1.15 Uhr. Der "Gummi Gummi"- und Partyplatz ist bereits geräumt
und mit Gittern abgeriegelt. Im Go-go-Zelt bleibt den Tänzerinnen nichts
erspart, sie müssen zu den Klängen von Andreas Gabalier ihre Hüften und
andere Körperteile kreisen lassen. Während die meisten Zelte langsam
schließen, herrscht im großen Partyzelt eine rauschende Stimmung, die
der Szenerie beim Villacher Kirchtag ähnelt. Hier gibt es jedoch keinen
Brauchtums-Hintergrund, hinter dem man Alkoholexzesse verstecken könnte.
Ein ausdauernder Partygast hat in einem Heizstrahler seinen wohl
letzten Tanzpartner für den heutigen Abend gefunden.

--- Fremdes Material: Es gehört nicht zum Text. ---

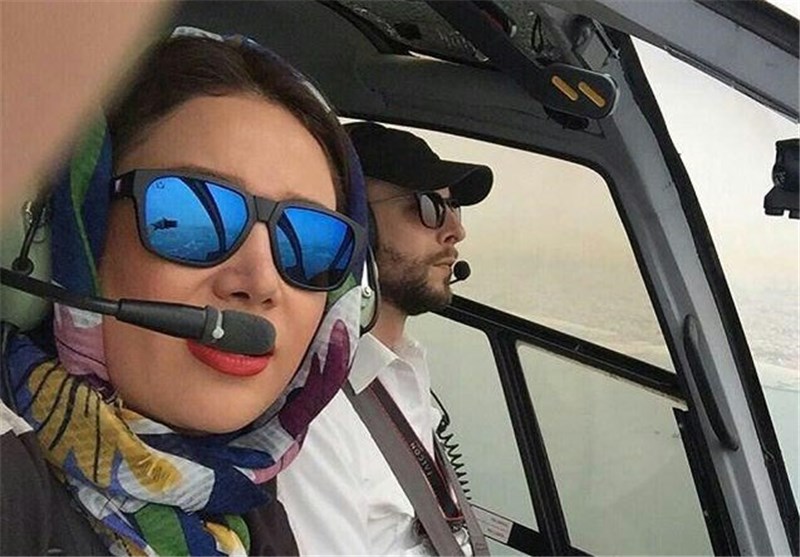 سلفی خانم بازیگر در کابین خلبان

1.35 Uhr. "Andi, wenn du jetzt nicht heimgehst, siehst du mich
nie wieder." So mancher sonst brave und folgsame Mann mutiert um diese
Zeit zum renitenten Revoluzzer. "Ich will jetzt aber noch ins
Go-go-Zelt!" Kathi und ihre Kollegen schließen den Jägermeister-Stand.
"Es war ein lustiger Abend, ich freue mich schon auf morgen", sagt sie
mit nicht mehr ganz leichter Zunge.
1.45 Uhr. Auch die ATV-Show "Saturday Night Fever" hat hier ihre
Fans. Die Jungs haben sich zwar noch nicht gezeigt, am Straßenrand wird
aber heftig über den Realitätsbezug der Serie diskutiert. "Der Molti
sucht ja eigentlich die große Liebe", meint ein Blondine, die auch
wissen will, dass einer der Burschen "ein zweijähriges Kind" hat.
1.55 Uhr. Die Security streift entlang des Bachbettes um etwaige
"Alkleichen" zu finden. Die Freunde aus dem Waldviertel starten
Verhandlungen mit den Samaritern. "Könnt ihr uns nicht ins Bollwerk
bringen?" Die Antwort ist klar: "Wir sind ja kein Taxidienst!"
2.05 Uhr. Die letzten Stände werden mit Eisengittern versperrt,
während aus einem Zelt noch immer Partymusik dröhnt. Der Shuttlebus nach
Keutschach füllt sich noch einmal, andere wanken zu Fuß über die
Landesstraße. Im Zeltlager in Keutschach kehrt langsam Ruhe ein.